• [Brief]: Your copy should match the entries exactly, except that it holds no pictures.

• [Dataset]:
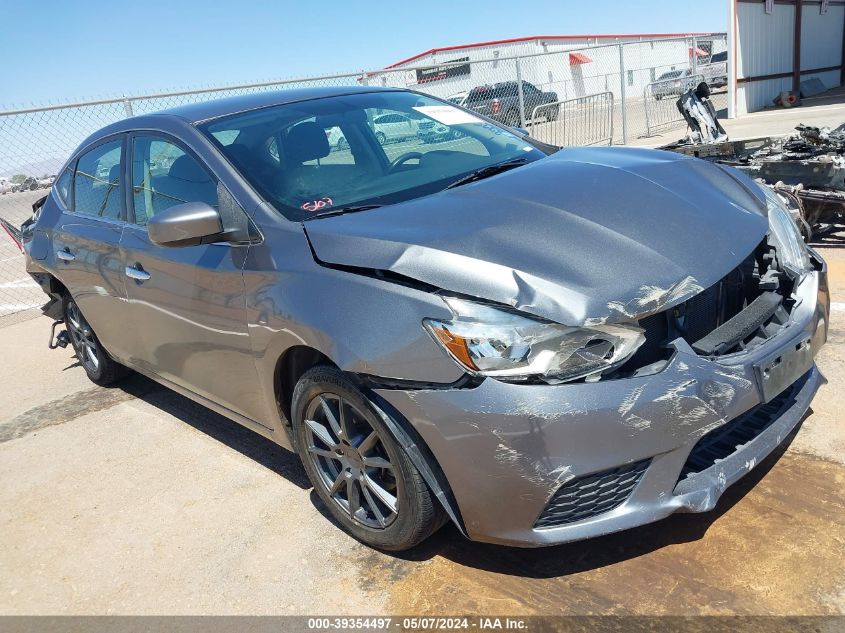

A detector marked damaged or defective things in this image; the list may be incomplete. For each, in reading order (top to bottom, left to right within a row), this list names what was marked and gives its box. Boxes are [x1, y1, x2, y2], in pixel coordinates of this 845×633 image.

damaged gray sedan [23, 86, 828, 552]
wrecked car part [422, 294, 648, 382]
broken headlight assembly [422, 298, 648, 382]
crumpled front hood [304, 146, 772, 324]
bent bumper [374, 266, 824, 544]
broken headlight assembly [760, 183, 812, 272]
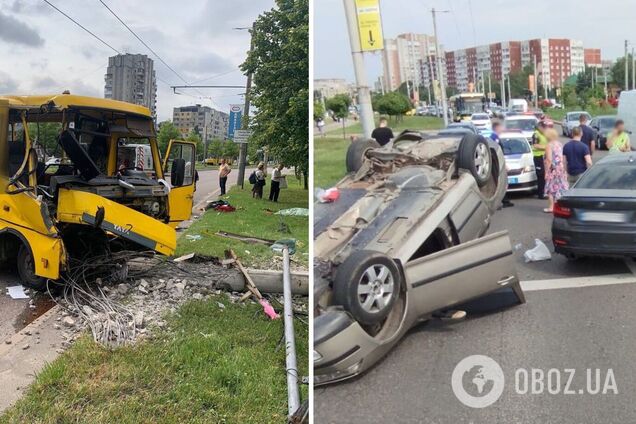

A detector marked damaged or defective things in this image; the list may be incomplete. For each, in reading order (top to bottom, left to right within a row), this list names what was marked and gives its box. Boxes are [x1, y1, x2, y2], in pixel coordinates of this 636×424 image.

crashed yellow bus [0, 93, 195, 292]
overturned silver car [314, 132, 528, 384]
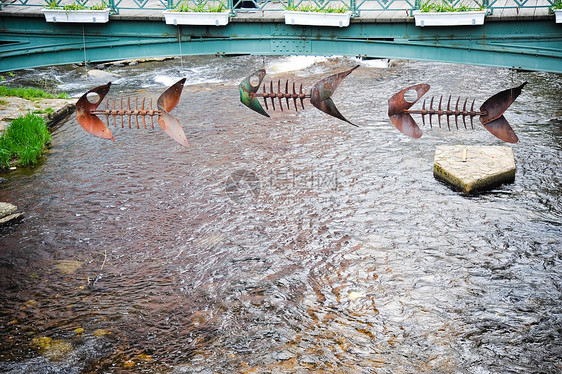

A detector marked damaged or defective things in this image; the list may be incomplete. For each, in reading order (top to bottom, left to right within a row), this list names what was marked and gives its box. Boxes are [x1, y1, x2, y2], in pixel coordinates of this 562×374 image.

rusty metal sculpture [75, 78, 189, 147]
rusty metal sculpture [238, 65, 356, 125]
rusty metal sculpture [384, 82, 524, 142]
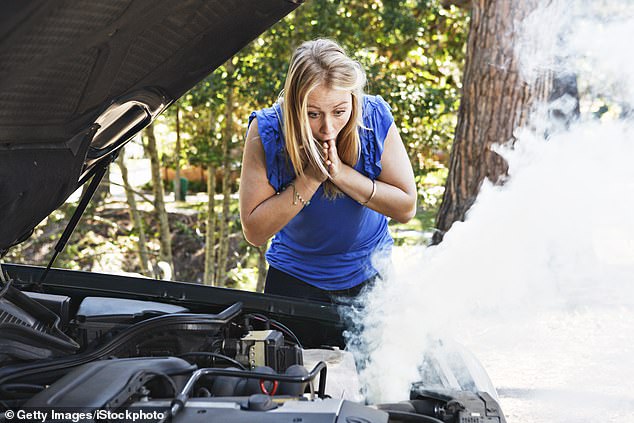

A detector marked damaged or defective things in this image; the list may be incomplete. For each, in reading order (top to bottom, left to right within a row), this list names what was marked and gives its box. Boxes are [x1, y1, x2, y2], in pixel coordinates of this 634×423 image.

• [Answer area]:
A detector marked damaged or defective things in this image; the list may be incomplete. For each, in reading order (top to bottom, left to right within a row), this list names what was marked and gives its box. Boxes are [x1, y1, x2, y2], in pixel coordinates of this 845×633 image.

damaged gray sedan [23, 86, 828, 552]
wrecked car part [422, 294, 648, 382]
broken headlight assembly [422, 298, 648, 382]
crumpled front hood [304, 146, 772, 324]
bent bumper [374, 266, 824, 544]
broken headlight assembly [760, 183, 812, 272]

A detector marked damaged or defective things in this image; the list may be incomplete. For each, in reading order (top to bottom, left to right within a row), this list names what was marked and gives its box. Boxes are [x1, y1, x2, y2], in pixel coordinates of this 636×424 image.

crashed yellow bus [0, 93, 195, 292]
overturned silver car [314, 132, 528, 384]

A detector marked damaged or defective things in this image; the list may be incomplete. For each, in reading order (top to bottom, left to right within a row), this list names what was marked and gives its box. Boxes are [x1, y1, x2, y2], in pixel coordinates of this 562×374 image.

rusty metal sculpture [75, 78, 189, 147]
rusty metal sculpture [238, 65, 356, 125]
rusty metal sculpture [384, 82, 524, 142]

A detector marked damaged or defective things in this image; the list may be incomplete. For each, in reading order (top to bottom, left to right within a row), this list names what was marked and gives its box. Boxes are [x1, y1, x2, y2], in pixel coordinates of this 634×423 image.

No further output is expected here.